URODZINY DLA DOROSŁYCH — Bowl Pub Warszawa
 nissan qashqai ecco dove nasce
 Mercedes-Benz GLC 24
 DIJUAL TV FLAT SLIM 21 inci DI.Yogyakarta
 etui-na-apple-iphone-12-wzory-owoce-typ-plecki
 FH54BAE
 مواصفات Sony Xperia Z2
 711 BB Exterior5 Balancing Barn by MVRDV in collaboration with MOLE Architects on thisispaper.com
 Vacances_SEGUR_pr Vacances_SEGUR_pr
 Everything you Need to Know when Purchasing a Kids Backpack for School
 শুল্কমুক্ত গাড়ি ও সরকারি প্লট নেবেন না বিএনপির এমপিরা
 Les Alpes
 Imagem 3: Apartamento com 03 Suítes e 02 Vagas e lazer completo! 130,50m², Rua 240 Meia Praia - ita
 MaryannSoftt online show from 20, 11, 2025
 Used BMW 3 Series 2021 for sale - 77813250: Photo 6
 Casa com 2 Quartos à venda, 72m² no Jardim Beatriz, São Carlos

◇ ◇ ◇

*Task*.
Set down the listing again, exactly.

*Result below*.
URODZINY DLA DOROSŁYCH — Bowl Pub Warszawa
 nissan qashqai ecco dove nasce
 Mercedes-Benz GLC 24
 DIJUAL TV FLAT SLIM 21 inci DI.Yogyakarta
 etui-na-apple-iphone-12-wzory-owoce-typ-plecki
 FH54BAE
 مواصفات Sony Xperia Z2
 711 BB Exterior5 Balancing Barn by MVRDV in collaboration with MOLE Architects on thisispaper.com
 Vacances_SEGUR_pr Vacances_SEGUR_pr
 Everything you Need to Know when Purchasing a Kids Backpack for School
 শুল্কমুক্ত গাড়ি ও সরকারি প্লট নেবেন না বিএনপির এমপিরা
 Les Alpes
 Imagem 3: Apartamento com 03 Suítes e 02 Vagas e lazer completo! 130,50m², Rua 240 Meia Praia - ita
 MaryannSoftt online show from 20, 11, 2025
 Used BMW 3 Series 2021 for sale - 77813250: Photo 6
 Casa com 2 Quartos à venda, 72m² no Jardim Beatriz, São Carlos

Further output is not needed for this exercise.